From: Motohiro Kosaki <Motohiro.Kosaki@us.fujitsu.com>
To: Naoya Horiguchi <n-horiguchi@ah.jp.nec.com>,
"m.mizuma@jp.fujitsu.com" <m.mizuma@jp.fujitsu.com>
Cc: "linux-mm@kvack.org" <linux-mm@kvack.org>,
"akpm@linux-foundation.org" <akpm@linux-foundation.org>,
"iamjoonsoo.kim@lge.com" <iamjoonsoo.kim@lge.com>,
"mhocko@suse.cz" <mhocko@suse.cz>,
"liwanp@linux.vnet.ibm.com" <liwanp@linux.vnet.ibm.com>,
"aneesh.kumar@linux.vnet.ibm.com"
<aneesh.kumar@linux.vnet.ibm.com>,
Motohiro Kosaki JP <kosaki.motohiro@jp.fujitsu.com>
Subject: RE: [PATCH v2 1/1] mm: hugetlb: fix stalling when a large number of hugepages are freed
Date: Mon, 7 Apr 2014 08:22:12 -0700 [thread overview]

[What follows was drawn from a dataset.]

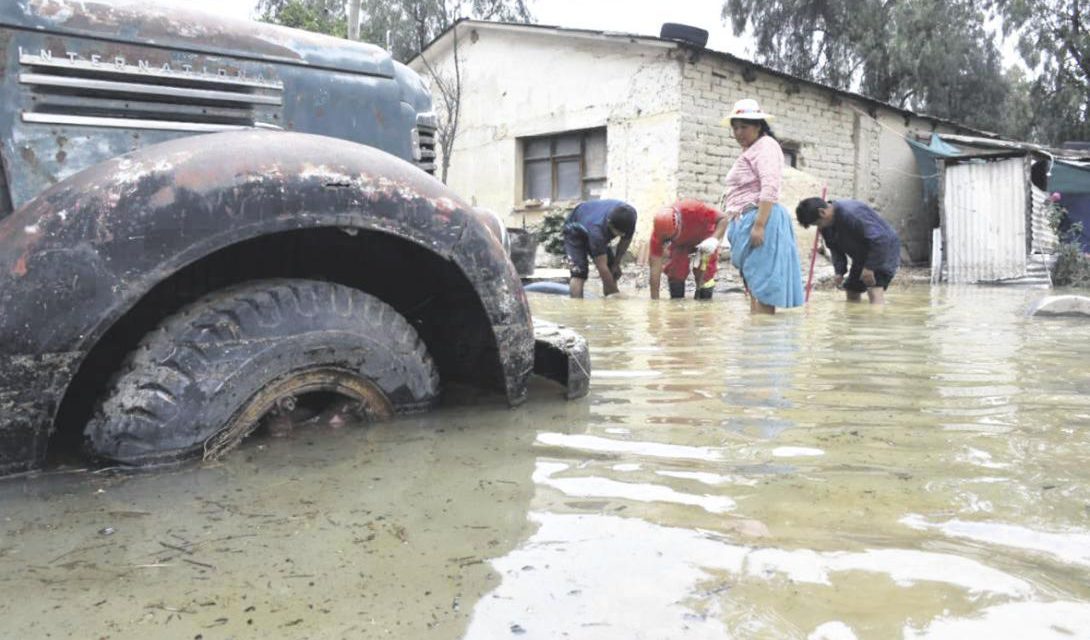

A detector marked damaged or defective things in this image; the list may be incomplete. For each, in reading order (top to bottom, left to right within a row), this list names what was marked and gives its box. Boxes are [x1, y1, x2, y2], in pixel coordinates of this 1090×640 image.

rusted metal panel [0, 131, 536, 475]
rusted metal panel [941, 157, 1024, 283]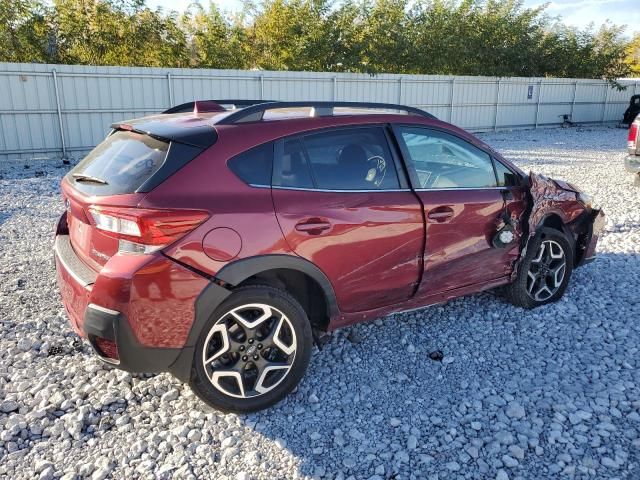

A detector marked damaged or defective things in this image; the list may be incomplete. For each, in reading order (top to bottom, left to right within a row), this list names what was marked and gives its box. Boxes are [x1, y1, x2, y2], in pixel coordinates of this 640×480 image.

Message-ID: <6B2BA408B38BA1478B473C31C3D2074E3097FD1003@SV-EXCHANGE1.Corp.FC.LOCAL> (raw)
In-Reply-To: <1396876864-vnrouoxp@n-horiguchi@ah.jp.nec.com>
> -----Original Message-----
> From: Naoya Horiguchi [mailto:n-horiguchi@ah.jp.nec.com]
> Sent: Monday, April 07, 2014 9:21 AM
> To: m.mizuma@jp.fujitsu.com
> Cc: linux-mm@kvack.org; akpm@linux-foundation.org; iamjoonsoo.kim@lge.com; mhocko@suse.cz; liwanp@linux.vnet.ibm.com;
> aneesh.kumar@linux.vnet.ibm.com; Motohiro Kosaki JP
> Subject: Re: [PATCH v2 1/1] mm: hugetlb: fix stalling when a large number of hugepages are freed
>
> On Mon, Apr 07, 2014 at 05:24:03PM +0900, Masayoshi Mizuma wrote:
> > When I decrease the value of nr_hugepage in procfs a lot, a long
> > stalling happens. It is because there is no chance of context switch during this process.
> >
> > On the other hand, when I allocate a large number of hugepages, there
> > is some chance of context switch. Hence the long stalling doesn't
> > happen during this process. So it's necessary to add the context
> > switch in the freeing process as same as allocating process to avoid the long stalling.
> >
> > When I freed 12 TB hugapages with kernel-2.6.32-358.el6, the freeing
> > process occupied a CPU over 150 seconds and following softlockup
> > message appeared twice or more.
> >
> > --
> > $ echo 6000000 > /proc/sys/vm/nr_hugepages $ cat
> > /proc/sys/vm/nr_hugepages
> > 6000000
> > $ grep ^Huge /proc/meminfo
> > HugePages_Total: 6000000
> > HugePages_Free: 6000000
> > HugePages_Rsvd: 0
> > HugePages_Surp: 0
> > Hugepagesize: 2048 kB
> > $ echo 0 > /proc/sys/vm/nr_hugepages
> >
> > BUG: soft lockup - CPU#16 stuck for 67s! [sh:12883] ...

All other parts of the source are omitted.